ModernBERT How to run pre-training?

Thank you for the great work! I have a question regarding pre-training. Could you please clarify which YAML configuration file should be used to achieve a similar pre-training setup as ModernBert, but for a different language? I noticed that in the yamls folder, there doesn’t seem to be a specific file for this purpose. The only related script I found is generate_eval_config.py, which, if I understand correctly, generates a YAML configuration using ModernBert’s training params. Is my understanding correct, or am I missing something?

Dec 23 '24 10:12 BlessedTatonka

Was wondering about this, too!

Dec 25 '24 12:12 yzimmermann

same question

Dec 26 '24 02:12 chaofan520

same question. Are there any examples provided?

Jan 08 '25 05:01 GithubX-F

Hello, Sorry for the delayed response. We plan to write proper guides to run the pretraining in the next days, we have been a bit short on time lately.

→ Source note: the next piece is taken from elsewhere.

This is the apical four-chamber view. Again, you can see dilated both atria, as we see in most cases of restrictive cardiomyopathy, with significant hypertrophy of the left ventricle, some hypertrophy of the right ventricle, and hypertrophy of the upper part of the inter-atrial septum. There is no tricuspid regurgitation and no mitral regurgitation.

In the mean time, I have dropped the configs for the first step of pretraining (warmup+stable phases) here if you want to give it a shot before we clean up everything. The ones for context extension and decay will be added shortly.

Note that the data path should point to data folder in the MDS format, you have and example with the C4 dataset here. Also note that, to use streaming: True, you might need to decompress the data using this script. Disabling streaming makes pretraining faster and solves an issue with uneven GPUs memory allocation (see #85).

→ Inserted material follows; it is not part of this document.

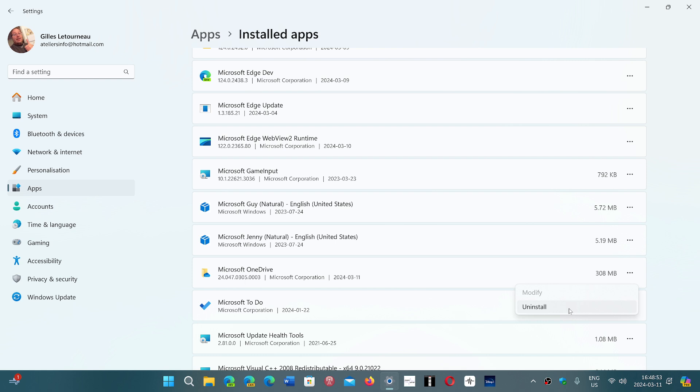You simply click on the three dots and click the Uninstall button, and you will have that uninstall for OneDrive. So you'll be able to completely remove it from your PC.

Again, sorry for the delay and hopefully we'll have better documentation soon.

Jan 09 '25 09:01 NohTow

@NohTow Hi there! Any update on a proper step-by-step guide for pretraining?

Feb 04 '25 13:02 BramVanroy

Hello,

Until we update the readmes and merge the configs, the above comment is the closest thing to a step-by-step guide. I agree that this is not optimal for now, and I again apologies for the delay, but could you specify what information are you lacking w.r.t the comment so we can add it to the readme? Thanks!

Edit: actually, I forgot but #183 that adds a bit of documentation to the main readme has been merged, so besides merging the configs, is there anything you are missing?

Feb 04 '25 14:02 NohTow

Hi @NohTow, following your guide, I am encountering an issue in pre-training. Could you help with #199 ?

Feb 13 '25 09:02 ebrarkiziloglu